Le mot "grève" leur faisait pourtant peur. L'action avait été proposée par un groupe radical, les Red sokkana (Bas rouges), et si l'idée leur plaisait, elles voulaient atténuer la portée d'un acte si total. Elle l'appelèrent "un jour sans" ou "jour fermé" selon la façon de traduire. Une expression qui pourrait être plus acceptable pour la population et qui heurterait moins les employeurs.  Le concept fit mouche massivement et joyeusement. Le 24 octobre octobre 1975 restera dans la mémoire islandaise, genres féminin et masculin confondus...

Ma grand mère, qui travaillait incroyablement dur dans une conserverie de poissons, n'était pas prête à prendre ce jour "sans".

                                                                                                             Annadis Rudolfsdottir

Le Guardian britannique fête cet anniversaire avec un témoignage magnifique, celui de Annadis Rudolfsdottir, fille, petite fille de femmes qui se jetèrent alors dans la mêlée.
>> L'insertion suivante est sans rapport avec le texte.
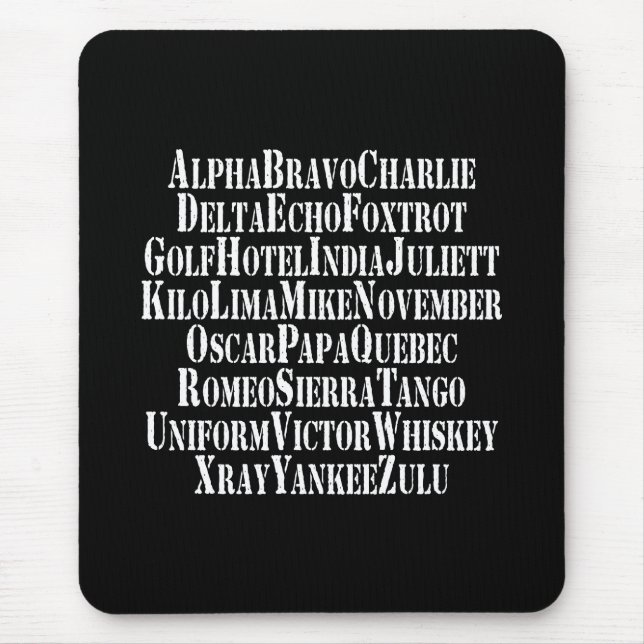 ALFOMBRILLA DE RATÓN ALFABETO FONETICO / PALABRAS DE CÓDIGO (Frente)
"Gudrun Jonsdottir se rappelle encore ce qu'elle portait comme habits le 24 octobre 1975. Elle avait 21 ans, tout juste mariée, mère d'un bébé, et ce jour là, elle n'allait ni cuisiner, ni laver, ni travailler. tout comme ma mère, les amies de ma mère, les caissières des supermarchés, les enseignantes, soit comme 90% des Islandaises. (.../...) Dans les jours qui précédèrent le 24 octobre, il semblait que partout les femmes se rassemblaient, buvant du café, fumant sans cesse, parlant avec excitation. Ma grand mère, qui travaillait incroyablement dur dans une conserverie de poissons, n'était pas prête à prendre ce jour "sans". Mais les questions posées par les Islandaises tournaient dans sa tête. Pourquoi ses jeunes collègues mâles rapportaient-ils à la maison des revenus plus élevés alors que son travail à elle n'était pas moins dur physiquement. Ma mère qui était alors âgée de 28 ans, travaillait dans une laiterie et eut toutes les peines du monde à convaincre sa patronne, une femme de 50 ans, dure à la tâche, qu'elles devaient laisser tomber leur boulot ce jour-là."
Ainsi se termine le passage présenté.